After his six years with the Lambs, and with a family to support, Olson looked for a change of scene and more
regular hours. When he'd started flying the Cessna, he was grossing $240 a month with his room and board included. When he left, he was making $1,000 a month and was paid by the flying hour: $4 an hour south of Churchill and $5 north, plus base pay. Most commercial airlines at the time paid on a cents-per-mile basis. In 1965, the Olson family moved to Winnipeg, where Olson was employed for a year by Transair flying scheduled runs to northern communities in a Beech 18, then in larger DC-3s and Cansos. One day when Olson was wondering if that was all his future held, a friend at the Winnipeg Flying Club told him Air Canada was hiring pilots. He had never thought of them. Olson called, got a job and stayed there until retirement.

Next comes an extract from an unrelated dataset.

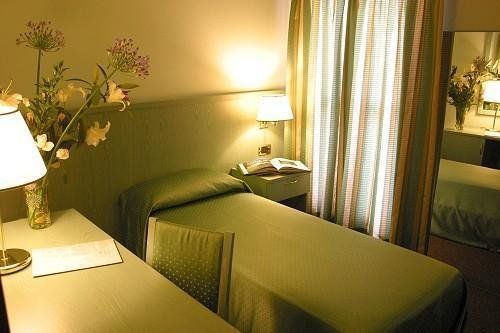 Albergo Della Corona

Walter “Babe” Woollett was another bush-pilot natural who eventually made the transition to a large airline. Woollett was born in England and got his nickname because he was the youngest in the family. He served in the RAF from 1924 to 1929, then came to Canada and became a bush pilot with the Fairchild Aerial Surveys at Lac-à-la-Tortue, Quebec. His monthly salary of $250 was an amazing sum at the time. Woollett joined Canadian Airways in late 1930 as a flying mailman airlifting mail from Saint-Hubert, Quebec, to Saint John, New Brunswick, by following the railroad line. His first run did not get off to an auspicious start. His engine conked out three times, and each time he had to set down and fix it. The next year, Woollett transferred to the winter airmail run along the North Shore of the St. Lawrence,
throwing mailbags out over a number of villages by aiming at a flag planted in the snow. In 1934, Canadian Airways had the monopoly to supply towns in the Chibougamau goldfields area, and they hired Woollett to fly out of Senneterre, Quebec, in a Fairchild 82 (CF-AXB) doing a job he described as “shuttling back and forth with equipment, food supplies, booze and people of every description including members of the oldest profession.” 

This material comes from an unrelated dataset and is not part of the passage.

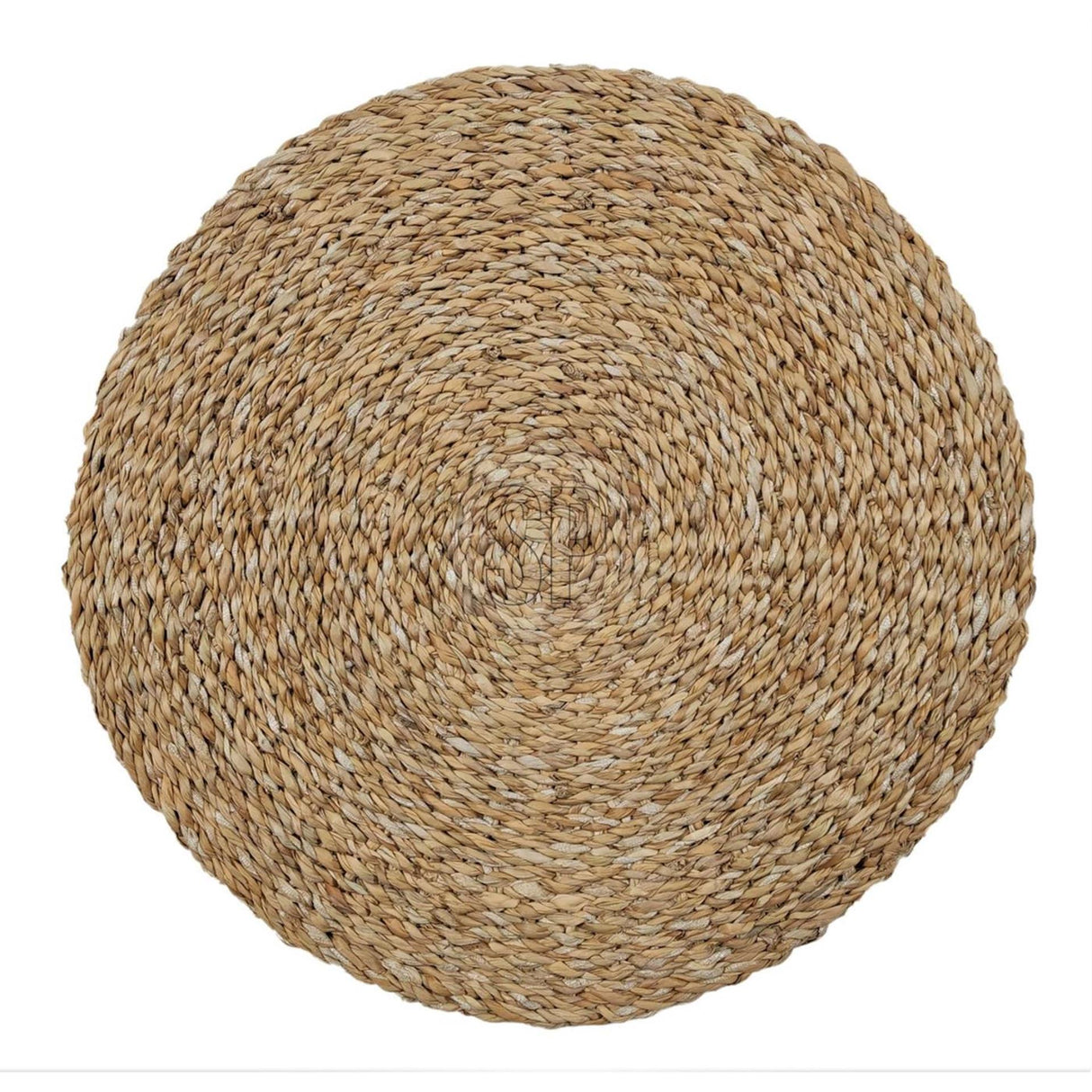 Home-Styling-Tischset rund ø37 cm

In the winter of 1935–36, Woollett's aircraft was caught in a blizzard and damaged (“pranged,” as he called it) during a rough landing on a frozen river in northern Quebec. Expecting rescue, he put on the snowshoes he kept in the rear and tamped out a landing strip in the snow for his rescuers. But nobody showed up. After five days, the irritated Woollett stomped out the following message in big letters with his snowshoes: land here you bastards. He and his aircraft were finally located and retrieved, and the grumpy Woollett continued bush flying, doing aerial mapping as well as medical rescues.

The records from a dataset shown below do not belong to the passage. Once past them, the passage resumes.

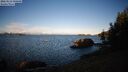 ./images/quadra/tower/20260516/tower20260516_195001M.jpg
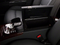 2013 Mercedes-Benz S 550 S 550
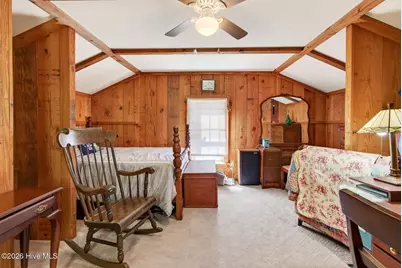 100 Morrison Drive, Smithfield, NC 27577 - Photo 11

During the Second World War, Woollett worked with the British Commonwealth Air Training Plan, overseeing schools in Quebec and Ontario. He received the Order of the British Empire (OBE) for this service. Appointed superintendent of the eastern division of Canadian Pacific Airlines after the war, he worked with Grant McConachie developing the company's Pacific passenger network. Woollett died at his home in Hawaii in 1998 and was inducted into Canada's Aviation Hall of Fame in 2003.

H
enry Arthur “Art” Schade epitomized the resourceful bush-pilot pioneers who handled all risks and delivered the goods. On a Christmas Eve mail run in 1933 north of Sioux Lookout in western Ontario, Schade was heading to the tiny settlement of Goldpines, which had started out as a tent camp clustered around an HBC post and served as home to gold prospectors working at Red Lake and their families, as well as a stopping place for prospectors during the gold rush of the late 1920s. Soon it grew to include three stores, three restaurants, a hotel, barbershop, post office, bank, law office, pool hall and tavern. The population fluctuated between 100 and 130 permanent residents and about the same number of transients. During the winter, frozen waterways served as landing strips but the thickness and smoothness of the ice could never be guaranteed.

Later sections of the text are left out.